- _Supplied entries_:
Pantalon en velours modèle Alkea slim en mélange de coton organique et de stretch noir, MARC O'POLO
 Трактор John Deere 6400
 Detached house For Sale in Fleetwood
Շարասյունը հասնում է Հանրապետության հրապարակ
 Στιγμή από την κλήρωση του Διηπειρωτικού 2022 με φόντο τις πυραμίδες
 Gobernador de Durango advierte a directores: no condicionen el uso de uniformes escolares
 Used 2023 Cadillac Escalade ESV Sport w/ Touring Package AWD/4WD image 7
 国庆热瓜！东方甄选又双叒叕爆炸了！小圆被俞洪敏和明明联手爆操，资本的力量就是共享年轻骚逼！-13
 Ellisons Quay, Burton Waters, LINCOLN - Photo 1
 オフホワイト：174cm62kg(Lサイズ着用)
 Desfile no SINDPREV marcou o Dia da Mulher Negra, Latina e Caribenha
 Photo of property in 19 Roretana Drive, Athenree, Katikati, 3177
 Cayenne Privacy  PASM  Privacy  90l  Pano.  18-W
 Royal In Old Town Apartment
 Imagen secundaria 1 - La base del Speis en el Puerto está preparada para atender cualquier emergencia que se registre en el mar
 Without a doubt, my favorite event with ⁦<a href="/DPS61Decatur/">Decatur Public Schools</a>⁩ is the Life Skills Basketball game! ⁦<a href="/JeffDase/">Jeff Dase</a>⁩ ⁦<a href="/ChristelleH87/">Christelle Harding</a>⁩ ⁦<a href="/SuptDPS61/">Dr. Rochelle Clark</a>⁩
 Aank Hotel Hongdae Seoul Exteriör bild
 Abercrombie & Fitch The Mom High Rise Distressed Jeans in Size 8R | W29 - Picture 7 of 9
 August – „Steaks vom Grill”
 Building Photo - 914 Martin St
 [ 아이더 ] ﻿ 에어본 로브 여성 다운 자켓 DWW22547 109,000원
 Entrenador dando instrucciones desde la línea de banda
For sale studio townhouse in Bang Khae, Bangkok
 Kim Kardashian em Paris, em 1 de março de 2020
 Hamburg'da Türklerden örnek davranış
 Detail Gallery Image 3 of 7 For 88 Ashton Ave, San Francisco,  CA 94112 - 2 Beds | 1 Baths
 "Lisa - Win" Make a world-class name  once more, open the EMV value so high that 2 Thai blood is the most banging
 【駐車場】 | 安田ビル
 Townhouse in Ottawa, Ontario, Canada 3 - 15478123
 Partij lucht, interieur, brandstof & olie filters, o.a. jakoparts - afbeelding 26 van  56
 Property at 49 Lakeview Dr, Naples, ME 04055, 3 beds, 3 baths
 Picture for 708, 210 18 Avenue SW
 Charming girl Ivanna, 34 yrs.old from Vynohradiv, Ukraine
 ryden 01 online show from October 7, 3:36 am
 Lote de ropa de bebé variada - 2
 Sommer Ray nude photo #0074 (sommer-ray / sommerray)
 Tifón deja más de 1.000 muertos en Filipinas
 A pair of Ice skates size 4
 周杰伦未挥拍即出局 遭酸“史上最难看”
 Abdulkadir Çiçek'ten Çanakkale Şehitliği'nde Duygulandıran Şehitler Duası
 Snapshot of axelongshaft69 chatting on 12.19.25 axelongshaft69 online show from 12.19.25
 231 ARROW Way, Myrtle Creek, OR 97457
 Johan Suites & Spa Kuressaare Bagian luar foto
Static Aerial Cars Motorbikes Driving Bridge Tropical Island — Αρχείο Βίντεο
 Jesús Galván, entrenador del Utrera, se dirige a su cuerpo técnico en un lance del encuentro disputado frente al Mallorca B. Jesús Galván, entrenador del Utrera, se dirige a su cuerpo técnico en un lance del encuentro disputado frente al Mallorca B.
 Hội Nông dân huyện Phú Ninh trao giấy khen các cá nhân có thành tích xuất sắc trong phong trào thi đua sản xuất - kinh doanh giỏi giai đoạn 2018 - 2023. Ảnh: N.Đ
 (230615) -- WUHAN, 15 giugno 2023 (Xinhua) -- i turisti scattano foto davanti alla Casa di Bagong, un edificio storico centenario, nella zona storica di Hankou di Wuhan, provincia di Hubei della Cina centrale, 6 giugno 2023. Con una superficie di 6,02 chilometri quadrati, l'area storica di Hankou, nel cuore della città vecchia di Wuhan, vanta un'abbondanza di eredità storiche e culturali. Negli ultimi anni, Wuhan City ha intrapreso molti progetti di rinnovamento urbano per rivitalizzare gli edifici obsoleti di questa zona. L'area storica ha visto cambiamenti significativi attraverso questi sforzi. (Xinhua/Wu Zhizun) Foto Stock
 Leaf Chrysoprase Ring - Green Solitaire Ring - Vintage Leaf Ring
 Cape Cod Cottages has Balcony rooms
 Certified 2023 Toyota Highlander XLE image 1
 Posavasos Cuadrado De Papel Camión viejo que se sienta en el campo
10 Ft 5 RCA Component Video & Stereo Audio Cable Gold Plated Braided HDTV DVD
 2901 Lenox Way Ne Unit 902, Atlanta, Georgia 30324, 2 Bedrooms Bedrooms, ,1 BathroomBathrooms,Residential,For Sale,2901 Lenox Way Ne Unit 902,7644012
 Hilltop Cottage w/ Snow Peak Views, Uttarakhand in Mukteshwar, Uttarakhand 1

- _What this task involves_: Up to and including the line with "Lote de ropa de bebé variada - 2", output each line of the entries above exactly, starting from the first.

- _Solution for this exercise_:
Pantalon en velours modèle Alkea slim en mélange de coton organique et de stretch noir, MARC O'POLO
 Трактор John Deere 6400
 Detached house For Sale in Fleetwood
Շարասյունը հասնում է Հանրապետության հրապարակ
 Στιγμή από την κλήρωση του Διηπειρωτικού 2022 με φόντο τις πυραμίδες
 Gobernador de Durango advierte a directores: no condicionen el uso de uniformes escolares
 Used 2023 Cadillac Escalade ESV Sport w/ Touring Package AWD/4WD image 7
 国庆热瓜！东方甄选又双叒叕爆炸了！小圆被俞洪敏和明明联手爆操，资本的力量就是共享年轻骚逼！-13
 Ellisons Quay, Burton Waters, LINCOLN - Photo 1
 オフホワイト：174cm62kg(Lサイズ着用)
 Desfile no SINDPREV marcou o Dia da Mulher Negra, Latina e Caribenha
 Photo of property in 19 Roretana Drive, Athenree, Katikati, 3177
 Cayenne Privacy  PASM  Privacy  90l  Pano.  18-W
 Royal In Old Town Apartment
 Imagen secundaria 1 - La base del Speis en el Puerto está preparada para atender cualquier emergencia que se registre en el mar
 Without a doubt, my favorite event with ⁦<a href="/DPS61Decatur/">Decatur Public Schools</a>⁩ is the Life Skills Basketball game! ⁦<a href="/JeffDase/">Jeff Dase</a>⁩ ⁦<a href="/ChristelleH87/">Christelle Harding</a>⁩ ⁦<a href="/SuptDPS61/">Dr. Rochelle Clark</a>⁩
 Aank Hotel Hongdae Seoul Exteriör bild
 Abercrombie & Fitch The Mom High Rise Distressed Jeans in Size 8R | W29 - Picture 7 of 9
 August – „Steaks vom Grill”
 Building Photo - 914 Martin St
 [ 아이더 ] ﻿ 에어본 로브 여성 다운 자켓 DWW22547 109,000원
 Entrenador dando instrucciones desde la línea de banda
For sale studio townhouse in Bang Khae, Bangkok
 Kim Kardashian em Paris, em 1 de março de 2020
 Hamburg'da Türklerden örnek davranış
 Detail Gallery Image 3 of 7 For 88 Ashton Ave, San Francisco,  CA 94112 - 2 Beds | 1 Baths
 "Lisa - Win" Make a world-class name  once more, open the EMV value so high that 2 Thai blood is the most banging
 【駐車場】 | 安田ビル
 Townhouse in Ottawa, Ontario, Canada 3 - 15478123
 Partij lucht, interieur, brandstof & olie filters, o.a. jakoparts - afbeelding 26 van  56
 Property at 49 Lakeview Dr, Naples, ME 04055, 3 beds, 3 baths
 Picture for 708, 210 18 Avenue SW
 Charming girl Ivanna, 34 yrs.old from Vynohradiv, Ukraine
 ryden 01 online show from October 7, 3:36 am
 Lote de ropa de bebé variada - 2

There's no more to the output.